対外発信の朝鮮中央通信、国民が読む労働新聞
だが、北朝鮮側は謝罪だけでは終わらなかった。9月27日には朝鮮中央通信が「南朝鮮当局に警告する」と題した記事を配信。韓国側が北朝鮮側の海域に侵入したとして非難する内容だ。
「われわれの海軍の西海艦隊の通報によると、南側ではこの9月25日から多くの艦艇、その他の船舶を捜索作戦と推定される行動に動員して、わが側の水域に侵入させており、このような南側の行動はわれわれの当然の警戒心を誘発し、また1つの忌まわしい事件を予告している。われわれは、南側が自分の領海でいかなる捜索作戦を行おうが意に介さない。
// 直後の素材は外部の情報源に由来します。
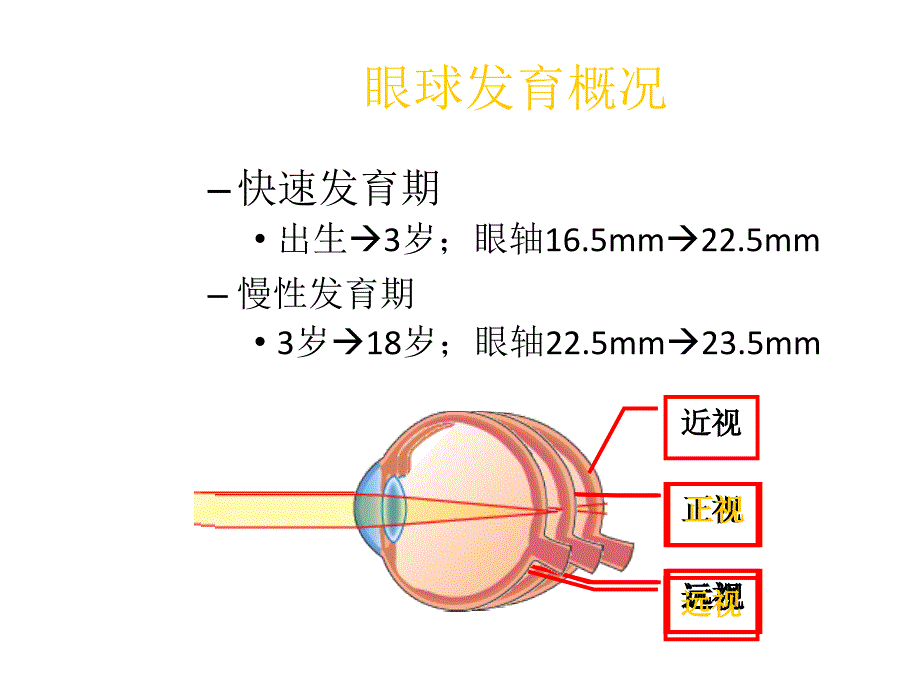 儿童屈光的特点与屈光不正的处理.ppt_第3页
しかし、わが側の領海への侵入は絶対に見過ごせず、これに対して厳重に警告する」
朝鮮中央通信の記事は労働新聞に転載されることも多い。労働新聞のウェブサイトで確認できる限りでは、9月27日に3本、9月28日には「金徳訓内閣総理が黄海南道の農業部門の活動を視察」など6本の記事が朝鮮中央通信から掲載された。だが、この9本の中に韓国への「警告」の記事は含まれていない。朝鮮中央テレビでも、27日夜~28日夕方のニュースでは台風の被災地の復旧活動に関する話題が中心で、韓国への「警告」のニュースは取り上げられなかった。朝鮮中央通信は、主に対外発信用のメディアとして位置づけられているのに対して、労働新聞や朝鮮中央テレビは、北朝鮮国民が直接目にすることが知られている。
朝鮮中央通信の「警告」記事では、韓国側を非難する前提として、事件について
「去る25日、われわれは現在の北と南の関係局面であってはならない忌まわしい事件が起きたことに対し、事件のてん末を調査して南側に通知した。そして、最高指導部の意図通りに、北と南の間の信頼と尊重の関係が傷つけられるようなことがいかなる場合にも絶対に再び発生しないよう必要な安全対策を講じた」
などと説明していた。直接的な謝罪表現は含まれていないものの、明らかに北朝鮮側の非を認める内容で、労働新聞に転載することで積極的に国民に知らせることは避けたとみられる。